Potash Corp. of Saskatchewan Inc., the largest supplier of its namesake fertilizer in North America, fell the most in more than two years after analysts at JPMorgan Chase & Co. said lower nutrient prices probably will prompt management to cut payments to shareholders.
Potash Corp. fell 7.8 percent to $14.84 in New York, the largest decline since July 2013.
The company last week announced an indefinite suspension of operations at its new mine at Picadilly in New Brunswick, Canada, to help reduce a global oversupply that has seen potash prices slump. Additionally, prices are falling for nitrogen- based fertilizers such as urea, something the company also produces. That increases the probability Potash Corp. will reduce its annual dividend to $1 from $1.52 currently, JPMorgan analysts led by Jeffrey Zekauskas said in a note Monday.

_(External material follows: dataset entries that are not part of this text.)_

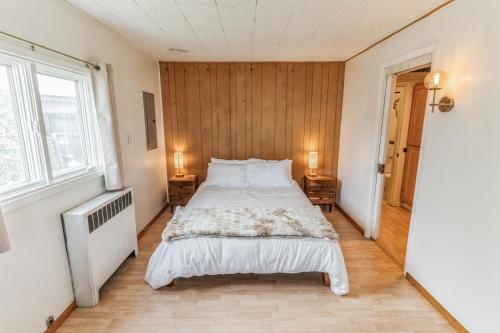 a bedroom with a bed with white sheets and pillows at Parkstrip Place, Pet Friendly Downtown Home in Anchorage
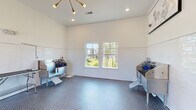 This single-floor pet grooming facility is thoughtfully designed to provide a functional and comfortable environment for both pets and their caretakers. The room features white-painted walls accented by a wainscoting-height band of glossy white subway tile, creating a clean, sanitary aesthetic throughout the space.

The flooring consists of blue-gray penny tile, which adds texture and visual interest while providing a durable, easy-to-clean surface. A floor drain is centrally located, underscoring the room's practical design. Ceilings rise generously overhead and are illuminated by a combination of recessed lighting and a striking sputnik-style chandelier with gold accents, lending a modern touch to the utilitarian setting.

Multiple stainless steel wash tubs are positioned along the walls, each equipped with steps for pet access and grooming supplies. Adjustable grooming tables with overhead arm attachments allow for versatile use, while a wall-mounted pet dryer adds further convenience. Natural light enters through several double-hung windows offering outdoor views of a green landscaped area. Framed pet-themed artwork decorates the upper walls, and a clearly marked fire extinguisher and posted rules signage reflect attention to safety and organization. A dedicated entry door provides direct exterior access.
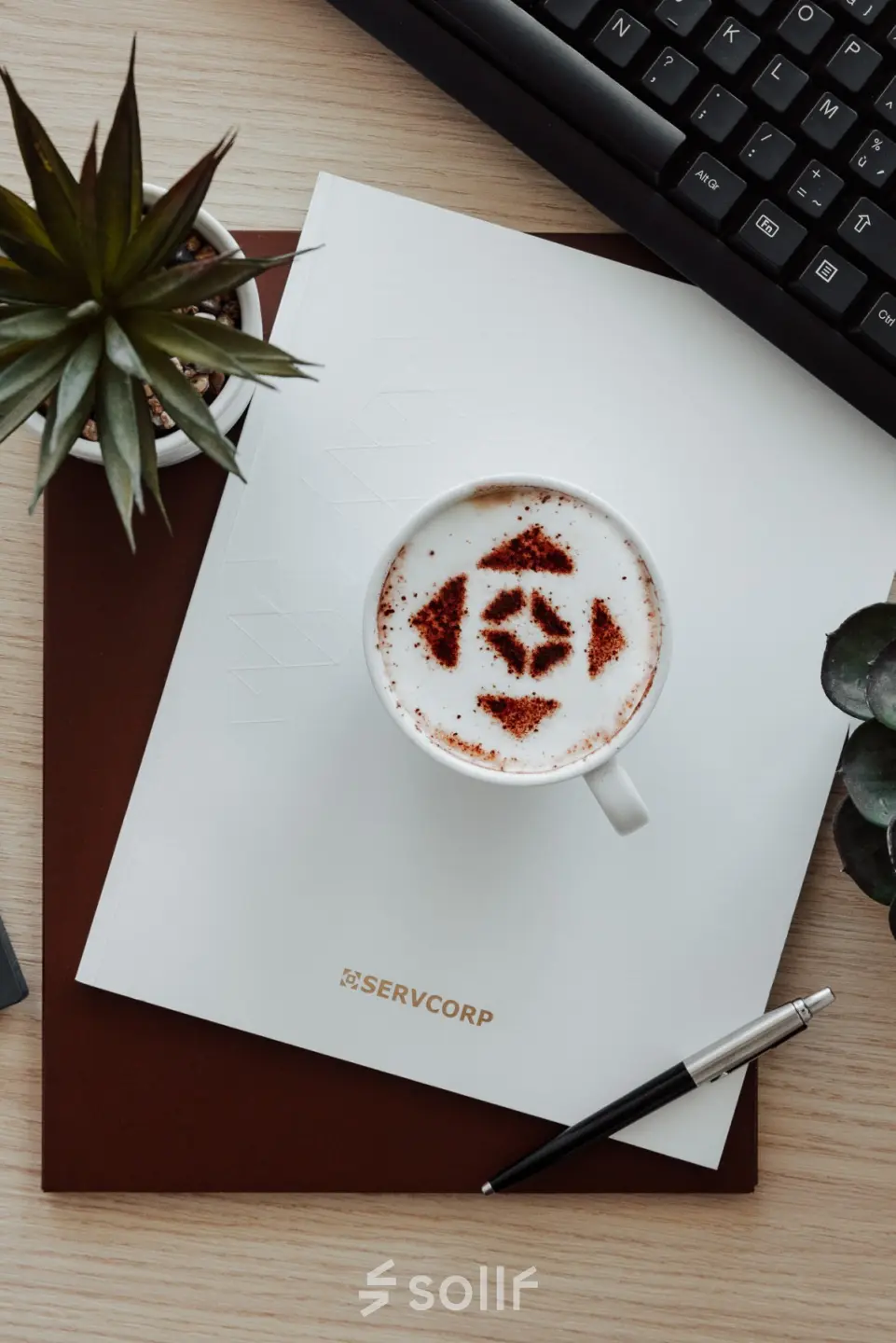 A stylish office desk with a keyboard, coffee cup, notebook, pen, and plants, ideal for office space rental.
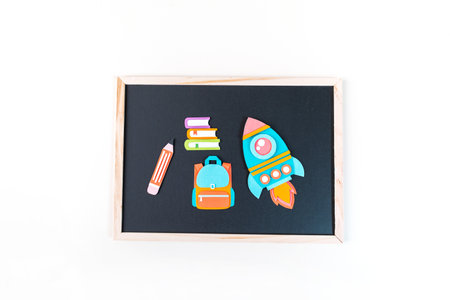Rocket paper craft. Back to school education. Business startup concept. Paper creativity Black...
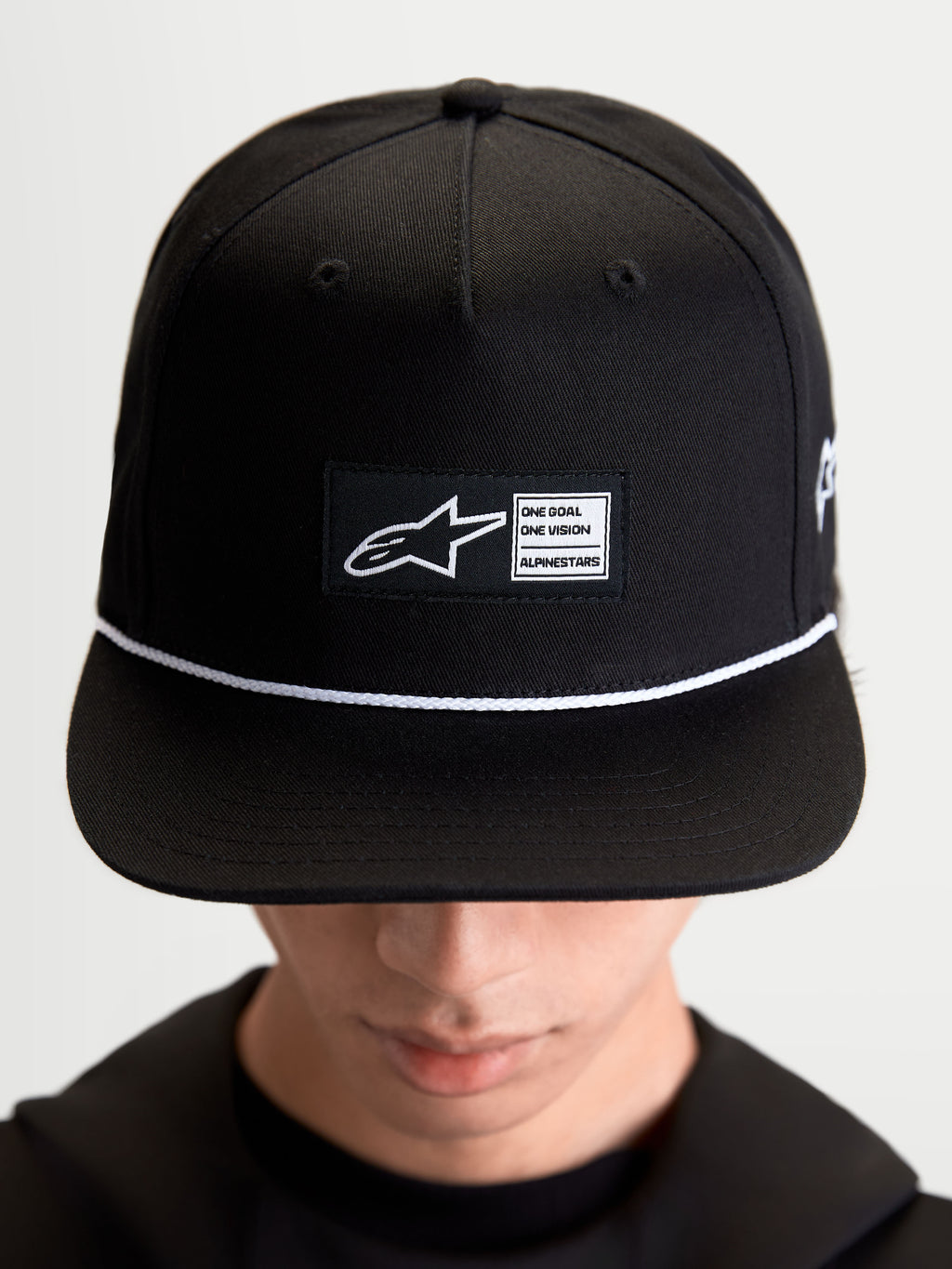Alpinestars Label Snapback kasket, sportswear-kasket til hverdagsbrug, unisex, sort og hvid, bomuldstwill, med struktureret krone, flad skygge, hvid snøre og et vævet mærke foran med Alpinestars branding, vist på model.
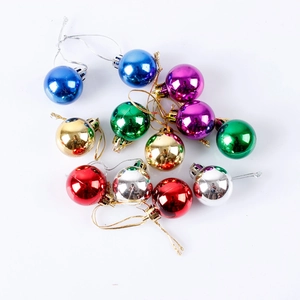 Macro detail of shiny electroplated Christmas balls in various colors with hanging strings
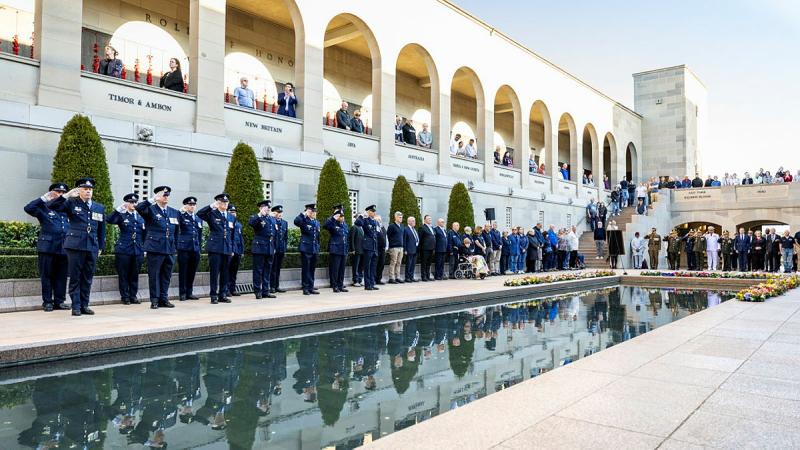People in uniform salute beside a long reflective pool as people watch from balconies above.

"Our base case is that Potash Corp. will reduce it because the dividend was set during a period of cyclical strength and a higher level of earnings and industry structure conditions that does not resemble today's business landscape," Zekauskas said. "The dividend yield would move from almost 10 percent to 6 percent under our assumptions."
He also cut his rating on Potash Corp. shares to neutral from overweight, the equivalent of buy.
A Potash spokesman didn't return a call seeking comment. Chief Executive Officer Jochen Tilk told investors at a conference on Jan. 21 that the company's board will discuss the dividend when it meets this week. Potash Corp. reports fourth- quarter earnings on Jan. 28.
Jonas Oxgaard, an analyst at Sanford C. Bernstein & Co. who recommends buying the shares, also expects the dividend will be reduced, he said in a note Monday.
"The fear of Potash Corp. going into financial distress and having bigger problems than paying dividends likely outweighs any reward the company is getting from the dividend at this stage," Oxgaard said.